On the back of Poi's recently failed Kickstarter ($27,236 pledged of $80,000 goal), a game which I thought looked really impressive for a Kickstarter and only needed a modest goal to reach success, I looked into the back catalogue of 3D platformers funded on Kickstarter and there seemed to be no consistency to it:

Successes

Yooka-Laylee (PC/PS4/XB1/WiiU) - £2,090,104 pledged of £175,000 goal (May 2015)

The big success story.  Made by former Rare devs, effectivley copying their success with Banjo Kazooie.  Shattered their Kickstarter goal and then some.  Colourful; exploration and collection-based with anthropomorphic characters.  Plays up the N64 connection significantly.  

 

A Hat in Time (PC/Wii U) - $296,360 pledged of $30,000 goal (May 2013)

Nearly two full years before Yooka-Laylee and when Kickstarter was a much newer idea, a Hat in Time smashed its own funding goal (though by not quite such a drastic percentage).  The game mixes the cel-shaded look of Wind Waker and specifically mentions being influenced by Rare in the campaign pledge.  Human characters, not animals.

 

Hover: Revolt of Gamers (PC/PS4/XB1 & Wii U Stretch Goal reached) - $116,398 pledged of $38,000 goal (April 2014)

A slightly different game for a change, this one instead being inspired by Jet Set Radio and being a first-person platformer.  Again, pretty blatantly plugged their inspiration and as such easily reached their funding target.

 

Lobodestroyo (PC/Wii U & PS4/XB1 stretch goals reached) - $43,831 pledged of $35,000 goal (November 2013)

Now, this one is the first one that's looked pretty poor to me.  Although it's a pitch video, characters move slowly, platforming looks boring etc.  But it's another earlier Kickstarter and - like Yooka-Laylee & Hat in Time before it - heavily plugs the N64 connection, going as far as to mention Rareware in the second sentence of the pitch.  Anthropomorphic characters again.

 

Spooky Poo's Happy Hell (PC - WiiU/PS4 stretch goals failed) - $14,161 pledged of $13,666 goal (February 2015)

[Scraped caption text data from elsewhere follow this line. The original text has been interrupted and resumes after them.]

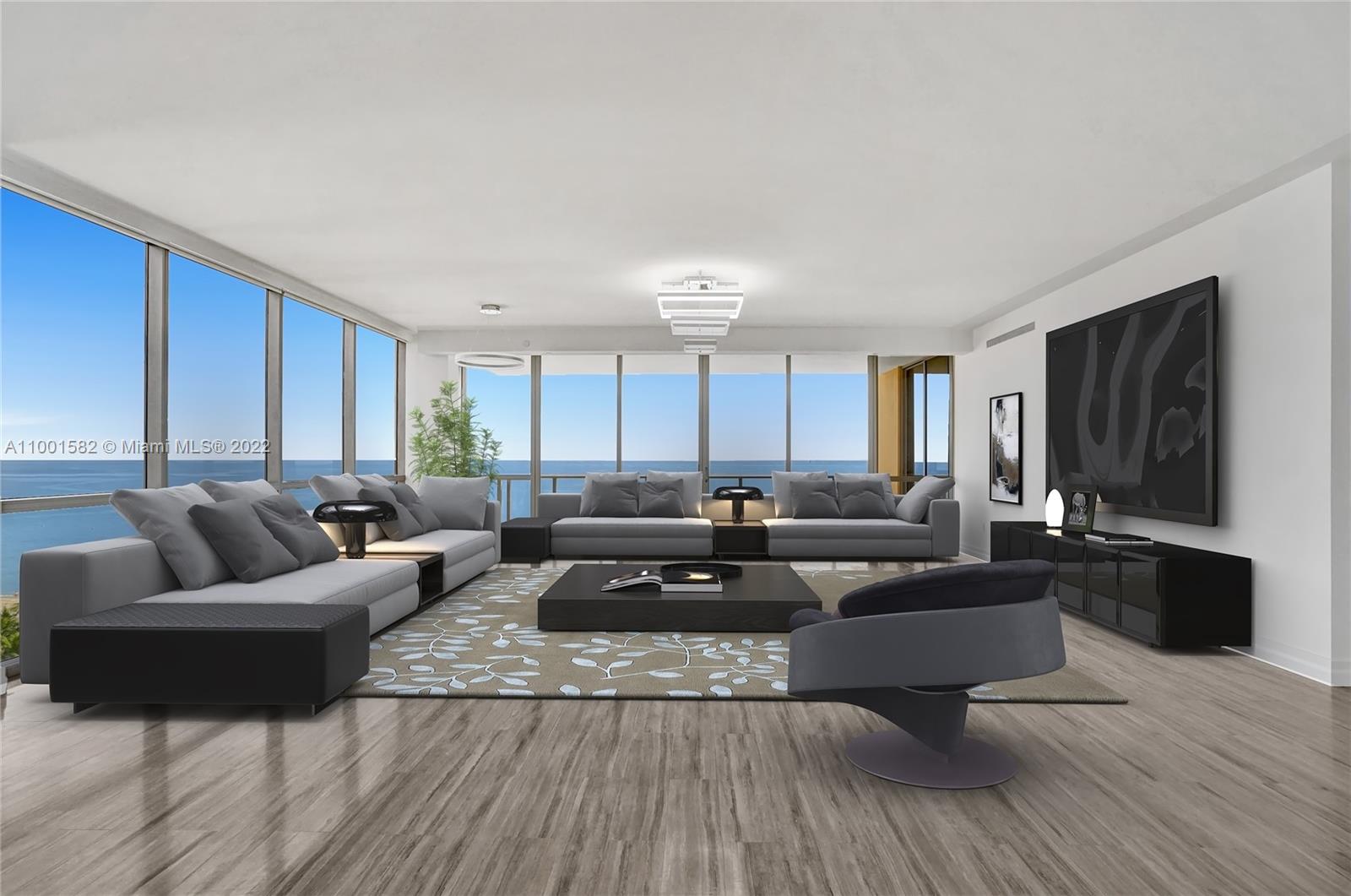 The Mansions at Acqualina Iconic Beachfront Tower Private Residences in Sunny Isles Beach! Enter through priv elev & be wowed by spectacular ocean views. Spacious 4600SF, Huge Living Area + Family Rm, Open Kitchen, Split Plan, Master Seperate, All Ensuites, Convertible 4th bed w/ finest finishes incl. Fendi Casa, shagreen leather, marble floors, electric blinds, molten glass mosaic bath walls, onyx walls/ countertops, fireplace, smart system, 10'6" ceilings, custom closets + huge terrace w/ summer kitchen + swim spa w/ waterfall! 5 Star Amenities:  2 pools, gym, Spa, Hammam, wine & cigar lounges, kid rm, game rm, Golf simulator, theater, Mansion Grill w/ room service, housekeeping, also access to Acqualina, Il Mulino, private beach club. Live like a king/ queen!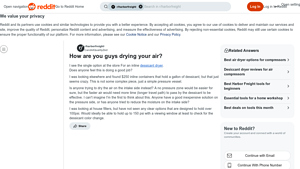 Reddit - Inline Desiccant Dryer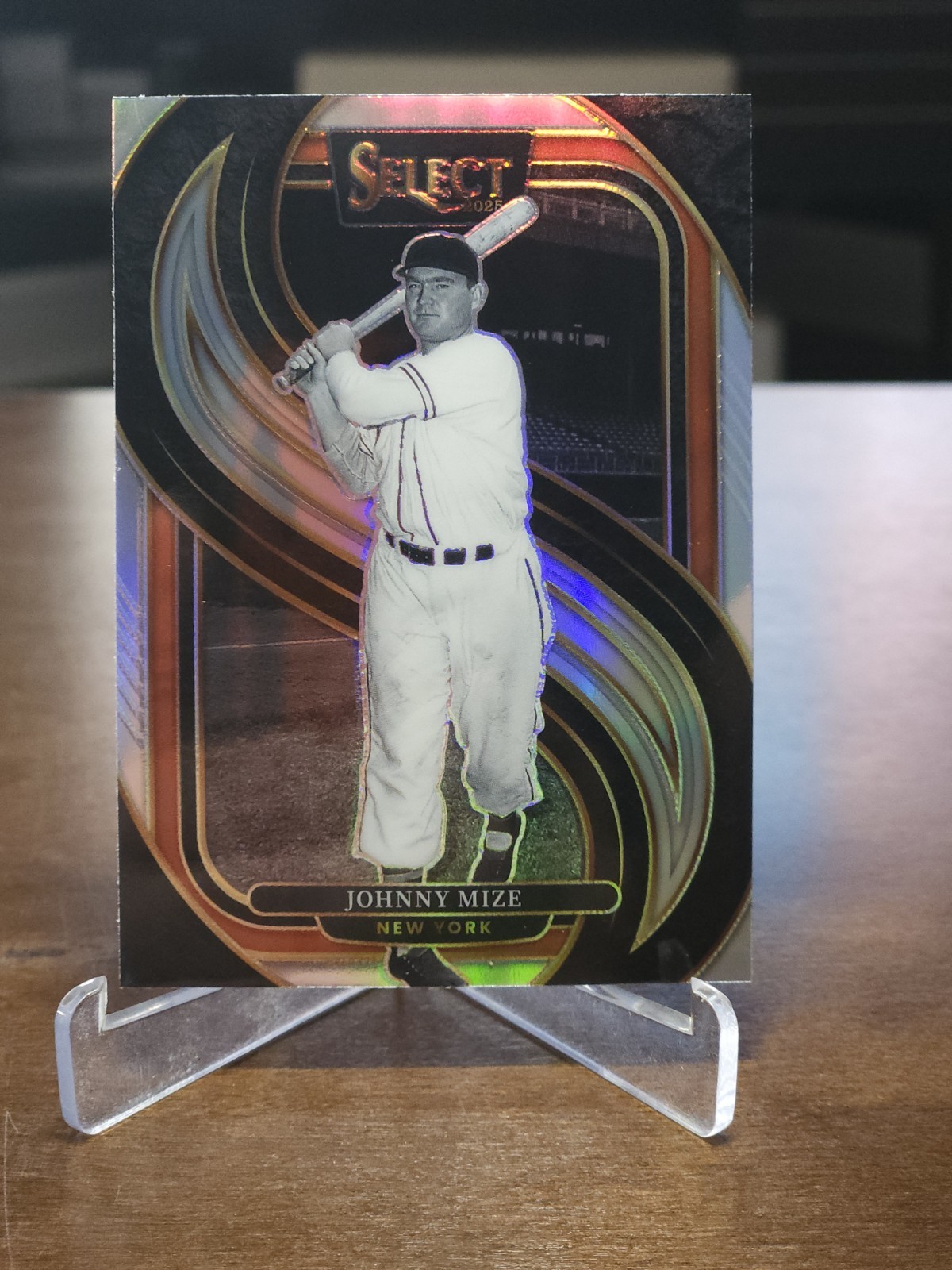 2025 Panini Select - Premier Level Johnny Mize #174 Silver Prizm Yankees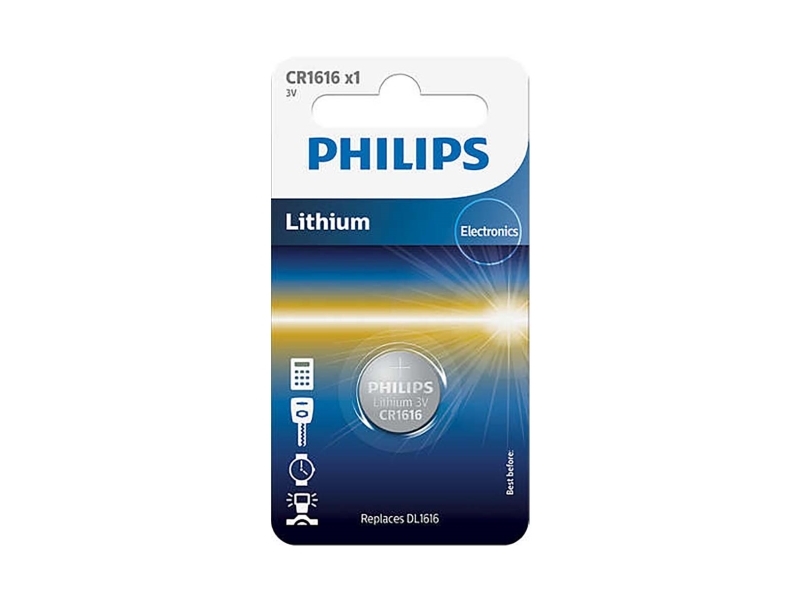 Philips Knapcellebatterie Lithium Cr1616 1-Pak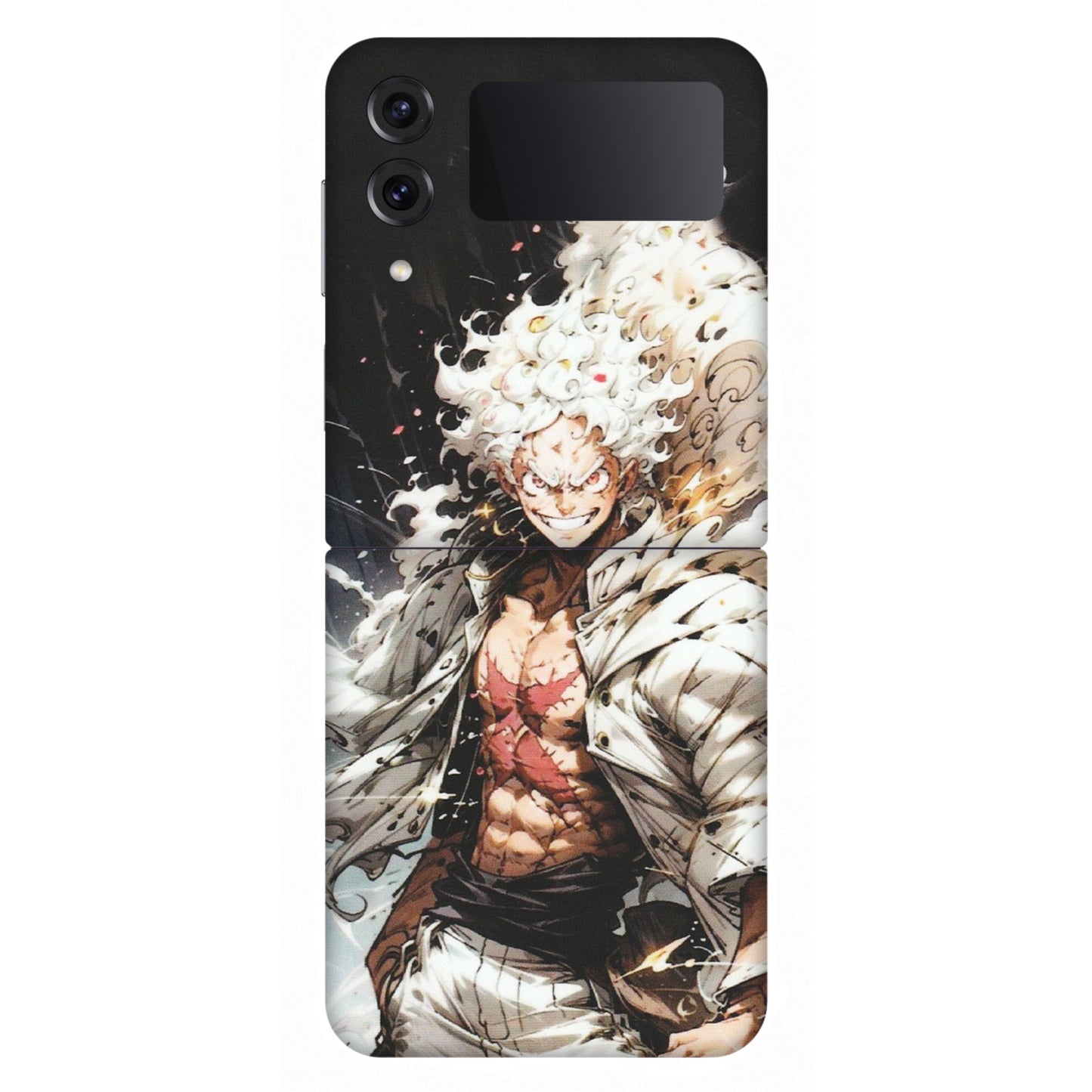 Samsung M/F/Note/Flip and C Phone Skins (All Models) - Anime Angry Classy Character - Matte Finish (M-34) Samsung Galaxy Z Flip 4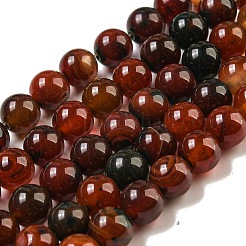 Natural Agate Round Bead Strands&nbsp;G-R197-8mm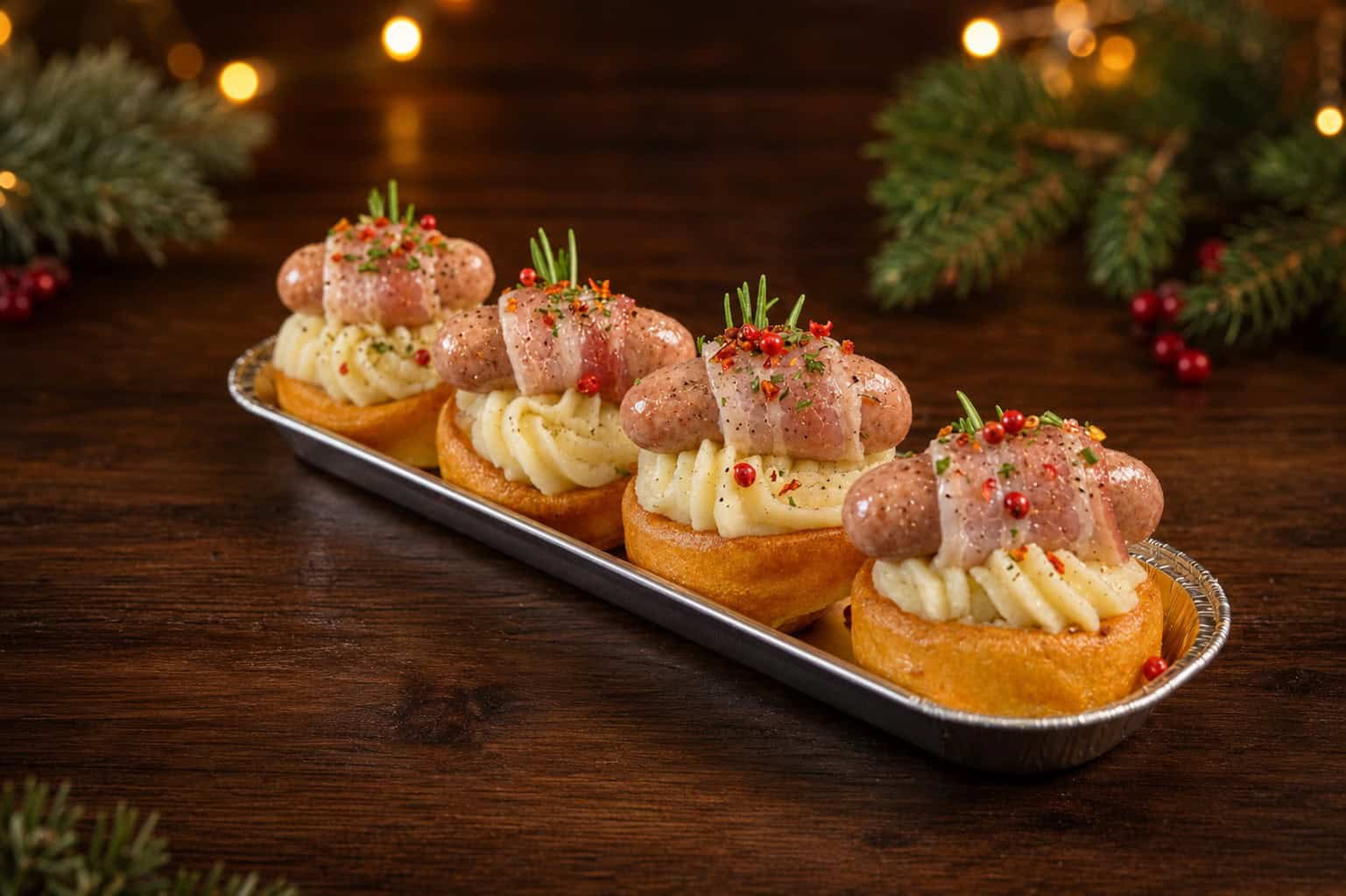 Mini Toad in the Hole Bites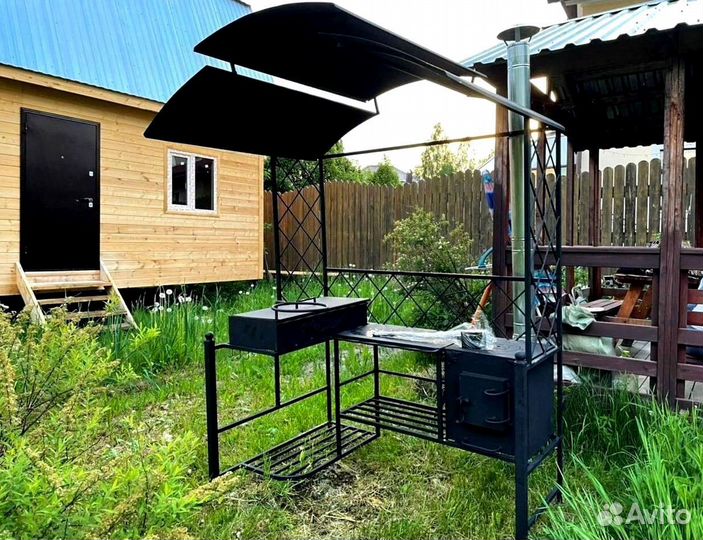 Мангал с печью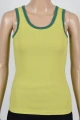 Tanktop für Damen in Hellgrün Ansicht Front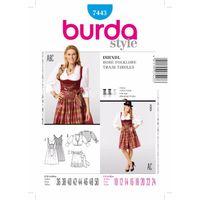 Burda Style Pattern 7443 Dirndl 380139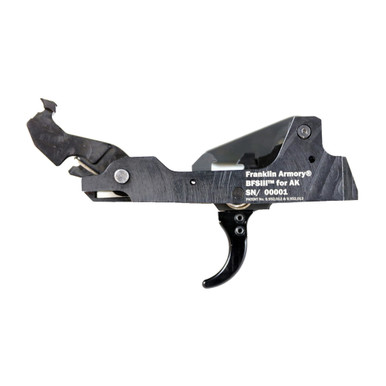 Shop FRANKLIN ARMORY BFSIII AK-C1 Binary Firing System For AK Platform Curved Trigger (03-50000-BLK). Buy best Triggers from gritrsports.com | Reviews and Shipping options available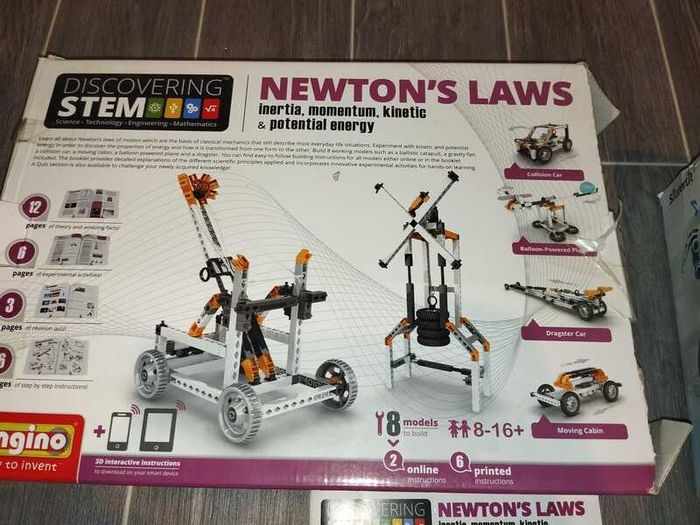 Octobot Programmable Robot  ENGINO STEM Newtons Laws Kit  Bundle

The first Kickstarter to not excessively quote that it was inspired by classic games, managed to reach its funding goal but only barely - and was a long way off reaching any console port stretch goals.  Like Lobodestroyo, looks clunky and quite poor.

 

Failures

FreezeMe (PC/WIiU) - $6,648 pledged of $15,000 goal (May 2015)

The first one not to receive funding is a recent game from this year.  And it seemed to do everything right.  Played up the N64 connection in the campaign (although didn't mention Rare specifically), made sure the only console release was on WiiU etc.  Even stuck in some Mario Galaxy-style levels and an interesting camera-freeze mechanic, yet couldn't even reach a miniscule goal.

 

Poi (PC/WiiU & PS4 stretch goal) - $27,236 pledged of $80,000 goal (August 2015)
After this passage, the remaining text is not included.